58      In particular, first, the OAS press release of 3 June 2017, prior to the elections of the Constituent Assembly of 30 July 2017, contains a message from the Secretary General of the OAS regarding Venezuela. In that press release, reference is made to the illegitimate and unconstitutional nature of the Constituent Assembly, in particular that it ‘seeks to definitively denaturalize the “Magna Carta”’.

59      Second, on 19 July 2017, shortly before the Constituent Assembly elections, the OAS issued a press release containing a statement by its Secretary General before the United States Congress. The Secretary General of the OAS had emphasised that the Constituent Assembly, whose objective was to impose a dictatorship in Venezuela, had supra-constitutional powers in order to eliminate State institutions, in particular the National Assembly which was legitimately elected by the people, and intended to contribute to repression and limitation of freedoms.

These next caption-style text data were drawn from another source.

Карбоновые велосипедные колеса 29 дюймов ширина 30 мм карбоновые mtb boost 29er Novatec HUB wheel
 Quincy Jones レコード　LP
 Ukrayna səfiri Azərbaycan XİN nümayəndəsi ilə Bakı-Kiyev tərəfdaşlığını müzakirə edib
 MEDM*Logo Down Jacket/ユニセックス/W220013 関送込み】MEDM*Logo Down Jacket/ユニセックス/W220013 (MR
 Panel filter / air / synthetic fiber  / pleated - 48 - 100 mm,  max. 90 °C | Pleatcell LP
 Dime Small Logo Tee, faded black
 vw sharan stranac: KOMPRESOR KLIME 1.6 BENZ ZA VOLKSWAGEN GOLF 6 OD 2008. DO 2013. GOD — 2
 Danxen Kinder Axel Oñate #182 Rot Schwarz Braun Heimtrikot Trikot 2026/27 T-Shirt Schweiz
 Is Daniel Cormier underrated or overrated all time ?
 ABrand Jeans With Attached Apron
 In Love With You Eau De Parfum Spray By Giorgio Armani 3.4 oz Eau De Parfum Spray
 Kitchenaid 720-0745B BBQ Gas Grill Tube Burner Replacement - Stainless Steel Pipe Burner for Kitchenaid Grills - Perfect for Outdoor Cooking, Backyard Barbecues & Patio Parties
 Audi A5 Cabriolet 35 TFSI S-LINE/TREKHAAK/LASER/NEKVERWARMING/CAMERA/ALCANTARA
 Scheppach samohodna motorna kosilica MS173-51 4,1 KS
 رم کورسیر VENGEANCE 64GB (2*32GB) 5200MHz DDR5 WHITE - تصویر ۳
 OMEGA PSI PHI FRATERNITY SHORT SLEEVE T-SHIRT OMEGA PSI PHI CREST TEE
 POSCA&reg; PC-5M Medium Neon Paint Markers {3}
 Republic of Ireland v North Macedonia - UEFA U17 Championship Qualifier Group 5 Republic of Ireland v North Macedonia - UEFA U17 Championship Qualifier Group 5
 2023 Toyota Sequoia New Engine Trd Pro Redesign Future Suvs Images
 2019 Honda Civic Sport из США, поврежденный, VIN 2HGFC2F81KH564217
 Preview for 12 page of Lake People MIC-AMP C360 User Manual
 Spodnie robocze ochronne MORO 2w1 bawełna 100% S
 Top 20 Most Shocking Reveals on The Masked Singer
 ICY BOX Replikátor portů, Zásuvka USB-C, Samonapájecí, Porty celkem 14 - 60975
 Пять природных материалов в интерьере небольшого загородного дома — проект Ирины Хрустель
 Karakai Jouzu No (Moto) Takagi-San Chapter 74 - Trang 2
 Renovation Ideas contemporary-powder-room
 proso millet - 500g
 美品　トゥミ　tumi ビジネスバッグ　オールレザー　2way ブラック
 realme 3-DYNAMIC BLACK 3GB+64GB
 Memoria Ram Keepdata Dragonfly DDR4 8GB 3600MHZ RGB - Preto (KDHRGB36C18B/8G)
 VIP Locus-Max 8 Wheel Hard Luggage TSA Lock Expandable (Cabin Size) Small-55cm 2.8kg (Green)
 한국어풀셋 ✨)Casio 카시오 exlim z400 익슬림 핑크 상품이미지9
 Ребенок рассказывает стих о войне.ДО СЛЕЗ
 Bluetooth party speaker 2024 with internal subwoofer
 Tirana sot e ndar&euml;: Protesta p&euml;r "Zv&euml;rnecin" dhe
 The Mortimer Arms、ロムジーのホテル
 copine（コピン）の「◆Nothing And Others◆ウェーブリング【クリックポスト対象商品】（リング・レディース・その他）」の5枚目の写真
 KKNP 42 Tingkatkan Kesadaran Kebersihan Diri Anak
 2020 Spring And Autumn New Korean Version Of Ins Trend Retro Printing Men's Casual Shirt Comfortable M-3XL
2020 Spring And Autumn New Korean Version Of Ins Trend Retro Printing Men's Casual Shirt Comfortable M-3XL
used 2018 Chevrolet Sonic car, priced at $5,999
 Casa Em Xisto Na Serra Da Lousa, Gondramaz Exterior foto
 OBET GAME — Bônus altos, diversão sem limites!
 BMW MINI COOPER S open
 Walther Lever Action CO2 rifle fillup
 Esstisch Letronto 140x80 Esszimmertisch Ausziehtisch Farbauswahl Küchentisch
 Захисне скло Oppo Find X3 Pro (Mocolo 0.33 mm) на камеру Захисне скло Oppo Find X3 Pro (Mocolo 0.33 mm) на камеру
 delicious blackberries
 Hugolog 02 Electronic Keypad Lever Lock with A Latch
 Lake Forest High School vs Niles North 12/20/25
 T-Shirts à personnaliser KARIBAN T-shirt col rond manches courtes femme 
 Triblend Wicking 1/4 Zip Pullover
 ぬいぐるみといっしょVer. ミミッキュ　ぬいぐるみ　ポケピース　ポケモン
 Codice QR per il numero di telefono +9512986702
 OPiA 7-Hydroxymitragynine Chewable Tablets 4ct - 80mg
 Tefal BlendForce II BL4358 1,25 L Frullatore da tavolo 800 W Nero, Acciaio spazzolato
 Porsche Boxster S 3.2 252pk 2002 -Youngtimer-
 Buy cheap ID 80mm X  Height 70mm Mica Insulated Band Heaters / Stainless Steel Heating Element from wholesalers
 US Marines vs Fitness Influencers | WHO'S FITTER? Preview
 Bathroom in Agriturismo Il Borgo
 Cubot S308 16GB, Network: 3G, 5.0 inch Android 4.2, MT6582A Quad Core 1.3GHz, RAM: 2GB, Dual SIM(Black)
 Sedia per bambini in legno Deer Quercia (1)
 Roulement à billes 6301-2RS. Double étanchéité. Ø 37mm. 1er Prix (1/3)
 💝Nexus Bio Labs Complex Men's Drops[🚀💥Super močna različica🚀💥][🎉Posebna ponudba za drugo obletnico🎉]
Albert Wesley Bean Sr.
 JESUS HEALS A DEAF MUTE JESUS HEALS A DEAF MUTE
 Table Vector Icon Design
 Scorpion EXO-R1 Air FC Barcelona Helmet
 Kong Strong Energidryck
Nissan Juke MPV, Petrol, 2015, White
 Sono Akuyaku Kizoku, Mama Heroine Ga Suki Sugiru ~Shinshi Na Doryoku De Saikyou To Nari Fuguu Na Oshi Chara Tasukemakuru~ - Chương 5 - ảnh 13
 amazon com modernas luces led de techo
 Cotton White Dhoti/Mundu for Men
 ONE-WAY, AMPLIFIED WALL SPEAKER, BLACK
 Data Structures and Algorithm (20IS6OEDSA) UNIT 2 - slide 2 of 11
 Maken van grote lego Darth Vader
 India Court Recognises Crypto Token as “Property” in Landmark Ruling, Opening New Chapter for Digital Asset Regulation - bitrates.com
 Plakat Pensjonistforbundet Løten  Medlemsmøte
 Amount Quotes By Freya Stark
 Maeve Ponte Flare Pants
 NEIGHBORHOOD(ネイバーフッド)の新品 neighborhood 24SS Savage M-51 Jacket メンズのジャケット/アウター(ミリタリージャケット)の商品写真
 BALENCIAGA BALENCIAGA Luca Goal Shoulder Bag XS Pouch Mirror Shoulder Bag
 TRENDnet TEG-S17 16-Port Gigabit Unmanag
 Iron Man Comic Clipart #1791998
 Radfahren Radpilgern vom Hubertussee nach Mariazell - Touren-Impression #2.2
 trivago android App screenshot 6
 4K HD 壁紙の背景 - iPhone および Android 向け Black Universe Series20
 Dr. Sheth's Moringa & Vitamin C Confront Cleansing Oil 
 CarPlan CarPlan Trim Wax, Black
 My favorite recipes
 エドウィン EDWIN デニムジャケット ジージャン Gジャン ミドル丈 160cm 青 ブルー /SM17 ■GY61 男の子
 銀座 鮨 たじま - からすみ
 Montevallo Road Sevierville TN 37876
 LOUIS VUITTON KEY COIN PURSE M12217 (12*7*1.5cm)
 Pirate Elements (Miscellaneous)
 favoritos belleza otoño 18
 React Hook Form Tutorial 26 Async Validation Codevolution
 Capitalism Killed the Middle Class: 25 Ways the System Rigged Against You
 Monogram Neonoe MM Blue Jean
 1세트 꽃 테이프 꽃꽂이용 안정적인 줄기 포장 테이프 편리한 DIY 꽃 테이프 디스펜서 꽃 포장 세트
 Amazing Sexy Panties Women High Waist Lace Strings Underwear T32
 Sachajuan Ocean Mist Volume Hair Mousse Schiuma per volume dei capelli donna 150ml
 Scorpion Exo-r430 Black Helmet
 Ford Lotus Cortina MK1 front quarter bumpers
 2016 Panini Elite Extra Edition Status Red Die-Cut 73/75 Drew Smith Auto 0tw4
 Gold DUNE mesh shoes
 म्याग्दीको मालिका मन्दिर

60      Third, after the elections to the Constituent Assembly, in a report of 25 September 2017, the OAS stated that, immediately after its establishment, the Constituent Assembly, first, divested the National Assembly of its legislative powers without that body being dissolved and, second, assumed that body’s powers. In addition, it is apparent from that same document that the Constituent Assembly removed the Prosecutor General of Venezuela from her duties where she had previously expressed her disagreement with the Tribunal Supremo de Justicia (Supreme Court) and the executive. According to the OAS, the establishment of the Constituent Assembly marked the end of the separation of powers in Venezuela.

61      Fourth, in a press release by the OAS on the same date, the Secretary General of the OAS set out the report referred to in paragraph 60 above. In that press release, the Secretary General of the OAS stated that, following the establishment of the Constituent Assembly, democracy in Venezuela was completely eliminated. He also repeated, in essence, the findings set out in paragraph 60 above.

62      It should be noted that the above information is consistent with the European Union’s concerns described in recital 6 of Decision 2017/2074, cited in paragraph 55 above.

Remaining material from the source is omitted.